What to do:
What you write must be the listing below in full, word for word, minus its pictures.

Input data:
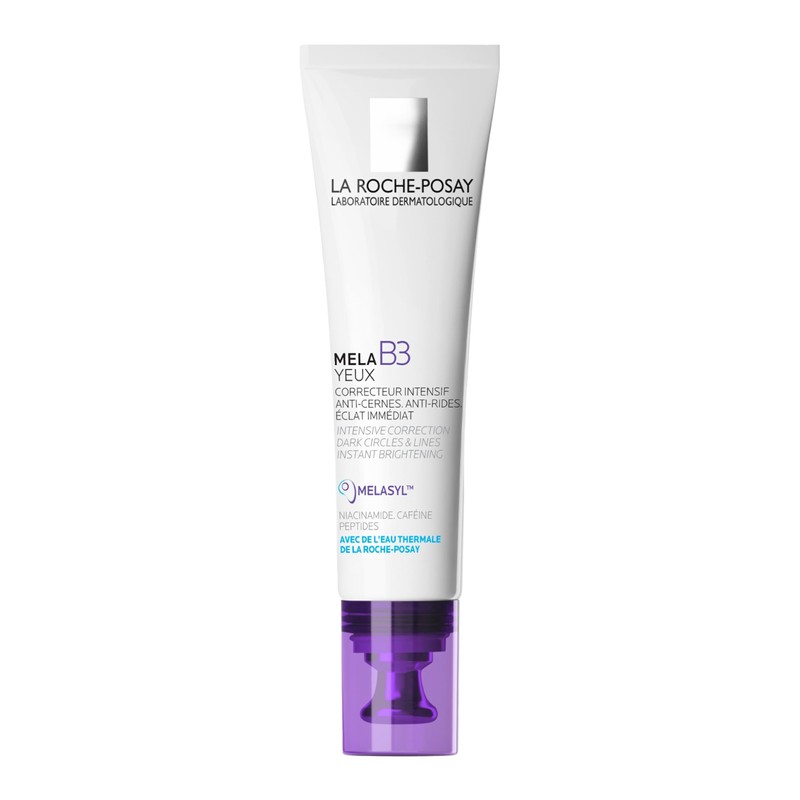 La Roche-Posay MELA B3 Crema contorno de ojos, combate ojeras
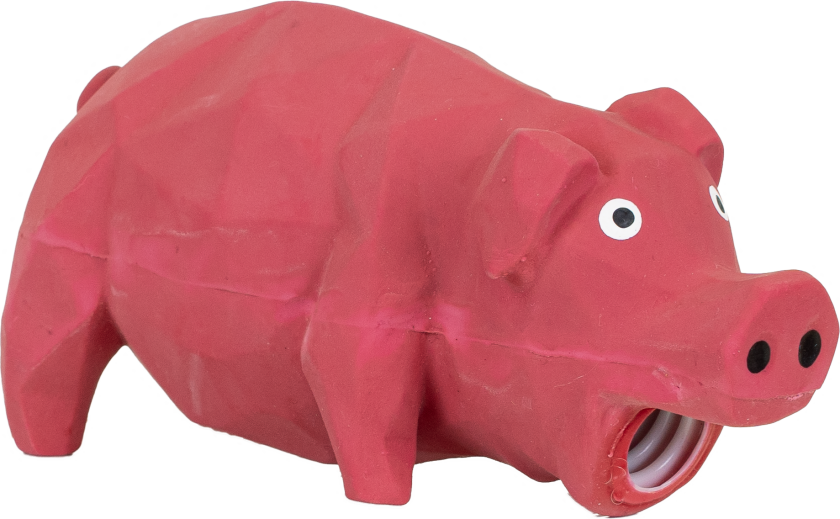 Hundeleke Pipgris Diamond, 15x8x7cm, Rosa - Hund - Hundeleker - Pritax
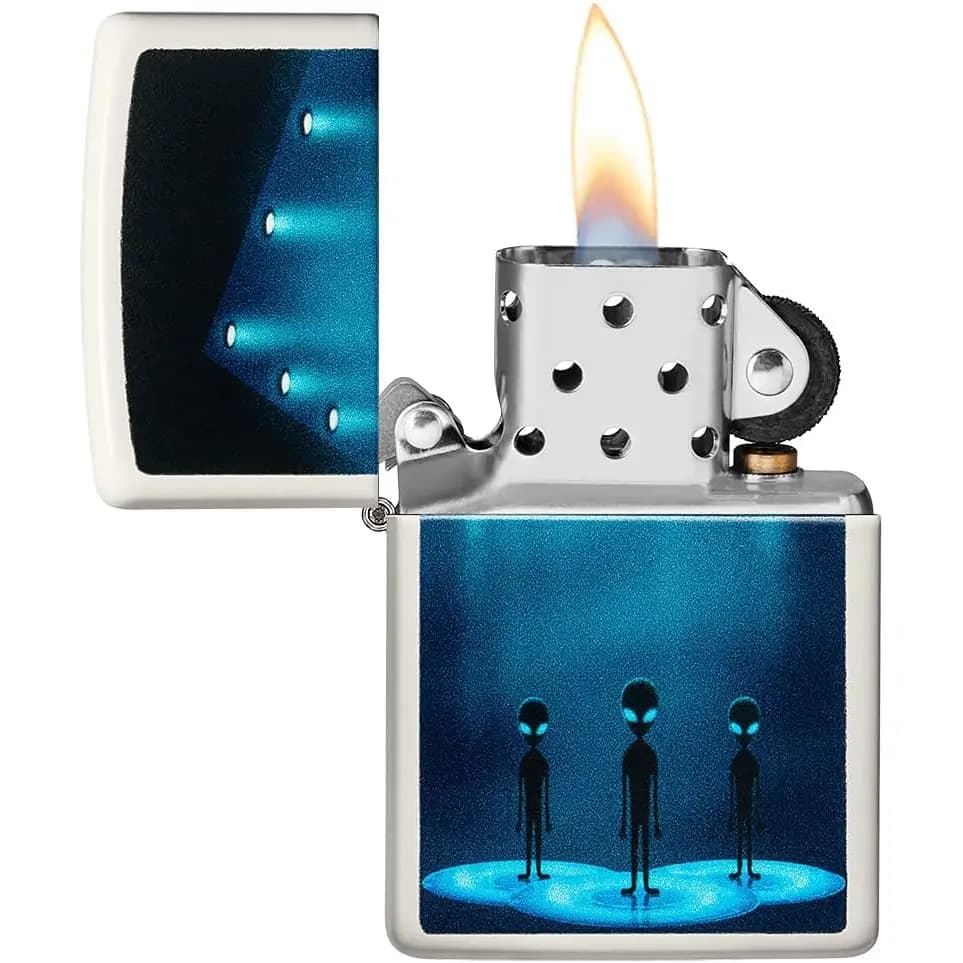 فندک زیپو شب تاب Zippo 49487 Aliens — تصویر ۴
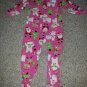 CARTER’S Pink SANTA Fleece Blanket Sleeper Size 24 months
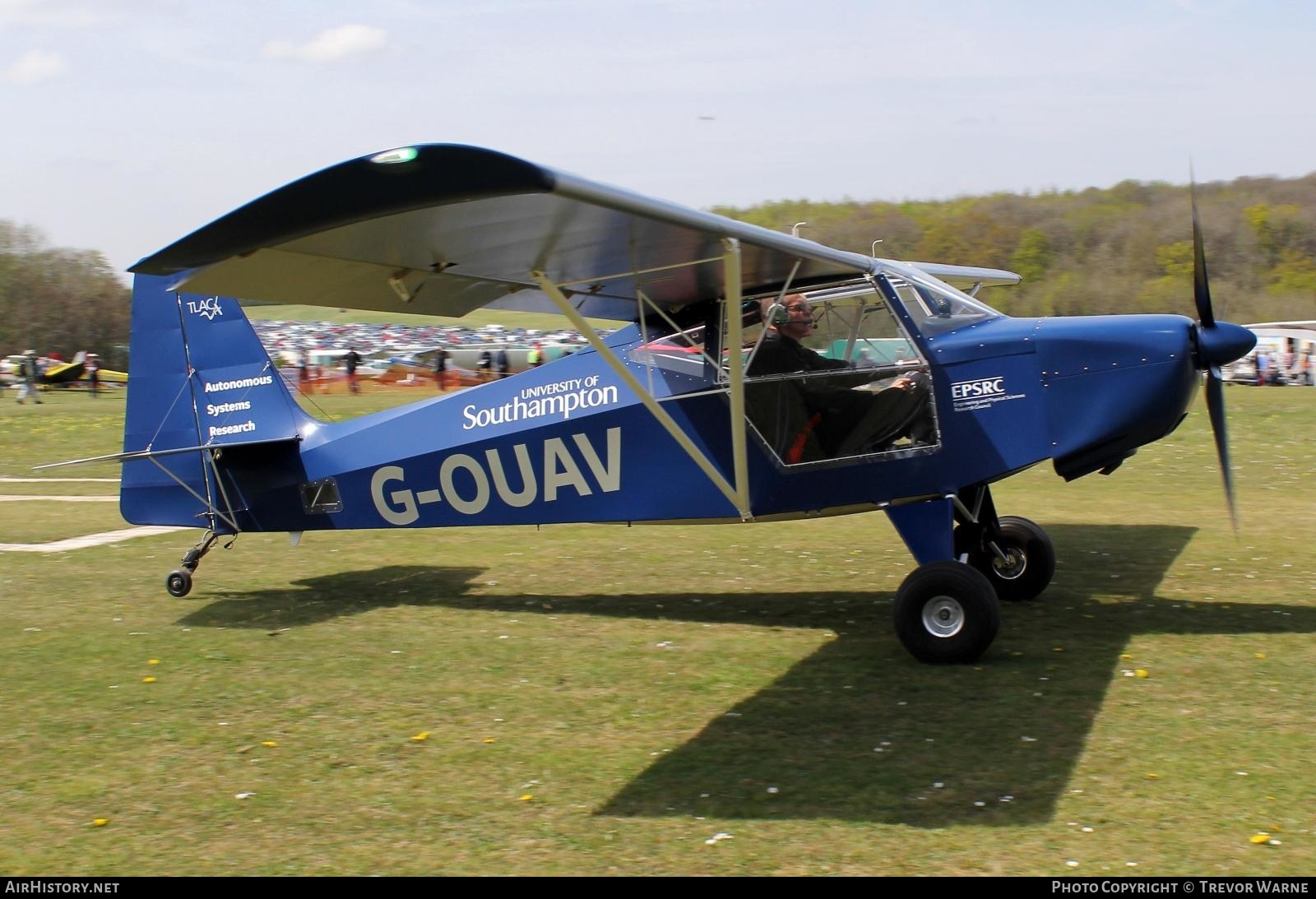 Aircraft Photo of G-OUAV | TLAC Sherwood Scout | University of Southhampton | AirHistory.net #459586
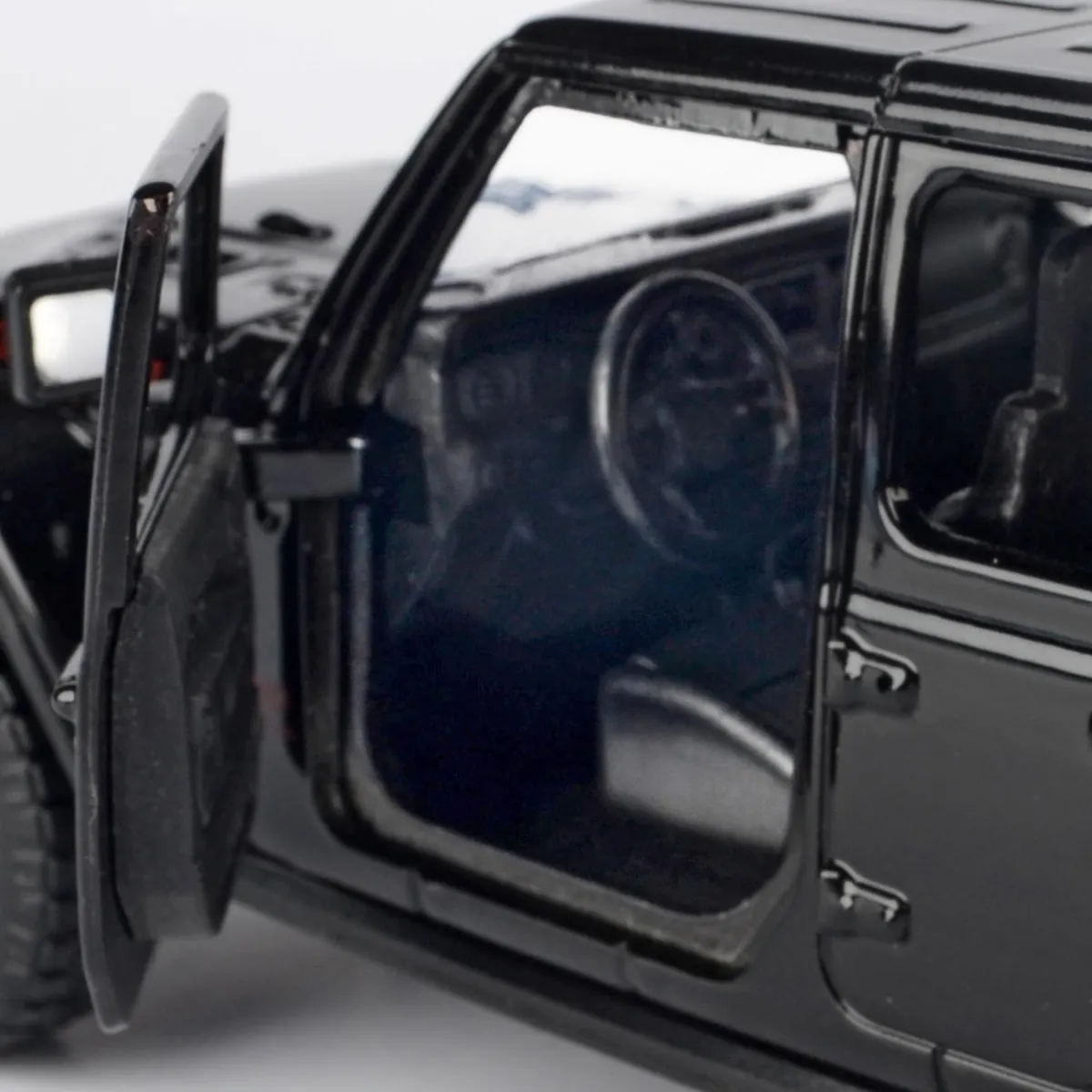 MOTORMAX - Auto coleccionable Jeep Gladiator Rubicon Hard Top 1:27 2021 Motormax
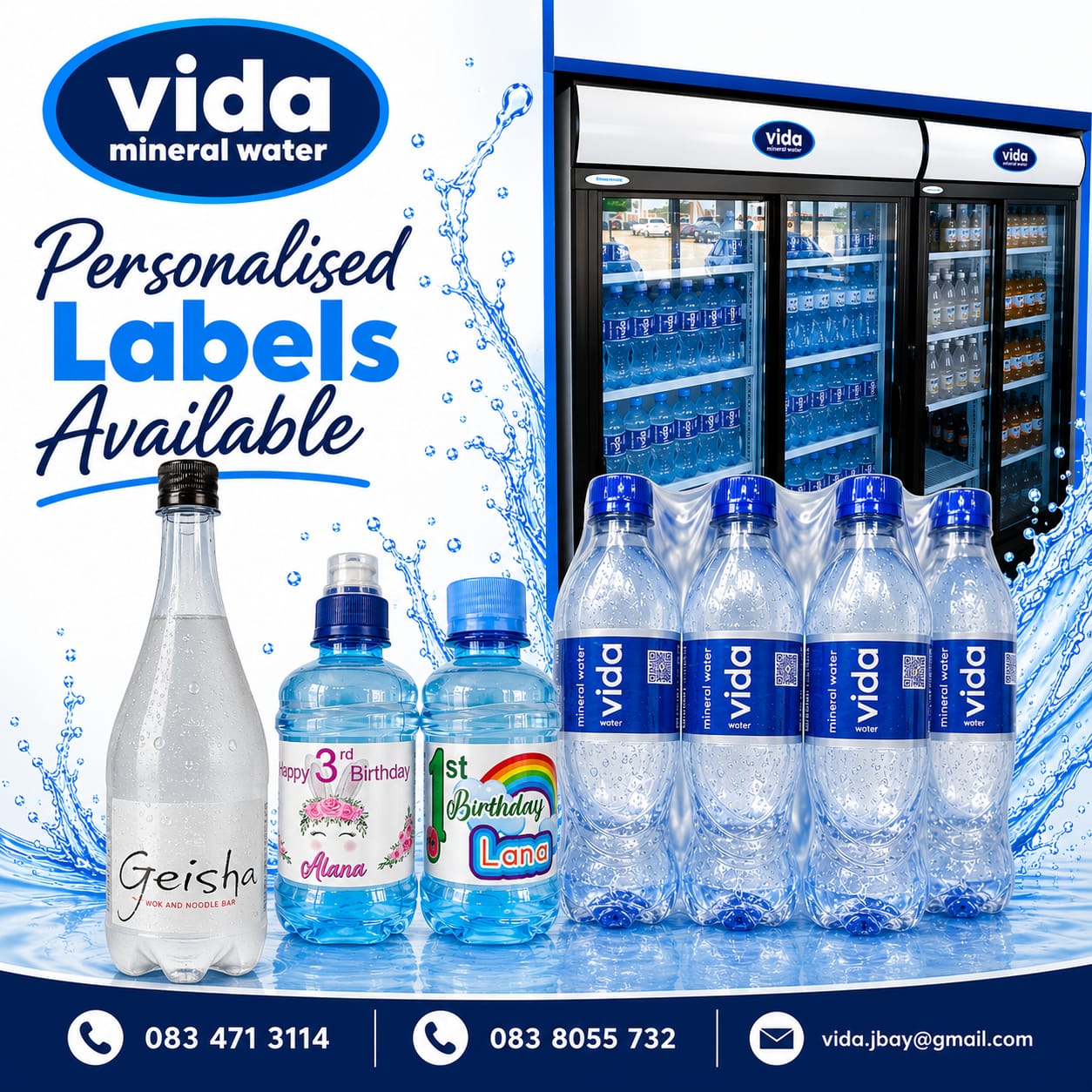 Vida Mineral Water | Jeffrey's Bay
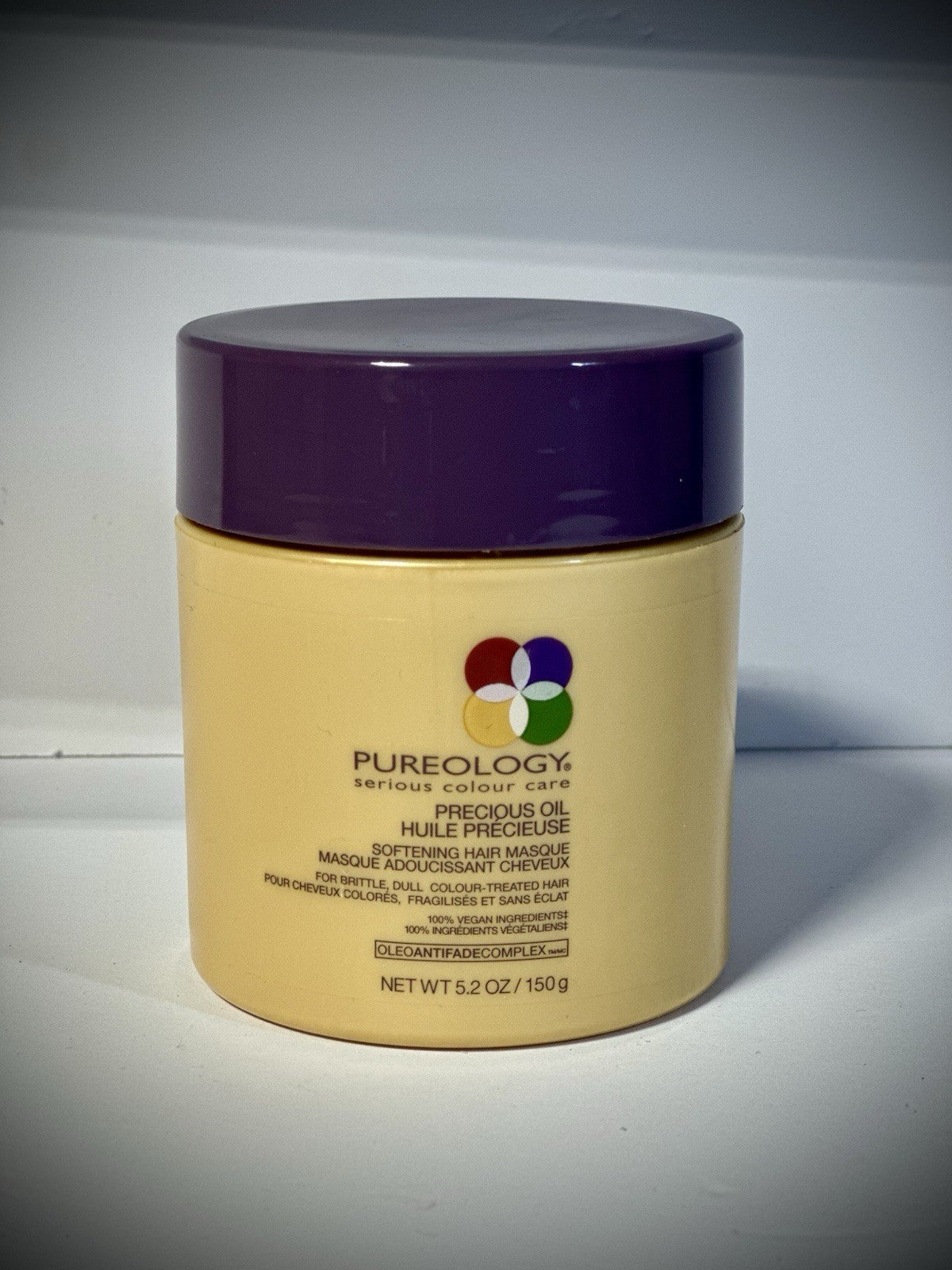 PUREOLOGY - Precious Oil / Softening Hair Masque ( 5.2 Fl.oz. )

Solved exercise:
 La Roche-Posay MELA B3 Crema contorno de ojos, combate ojeras
 Hundeleke Pipgris Diamond, 15x8x7cm, Rosa - Hund - Hundeleker - Pritax
 فندک زیپو شب تاب Zippo 49487 Aliens — تصویر ۴
 CARTER’S Pink SANTA Fleece Blanket Sleeper Size 24 months
 Aircraft Photo of G-OUAV | TLAC Sherwood Scout | University of Southhampton | AirHistory.net #459586
 MOTORMAX - Auto coleccionable Jeep Gladiator Rubicon Hard Top 1:27 2021 Motormax
 Vida Mineral Water | Jeffrey's Bay
 PUREOLOGY - Precious Oil / Softening Hair Masque ( 5.2 Fl.oz. )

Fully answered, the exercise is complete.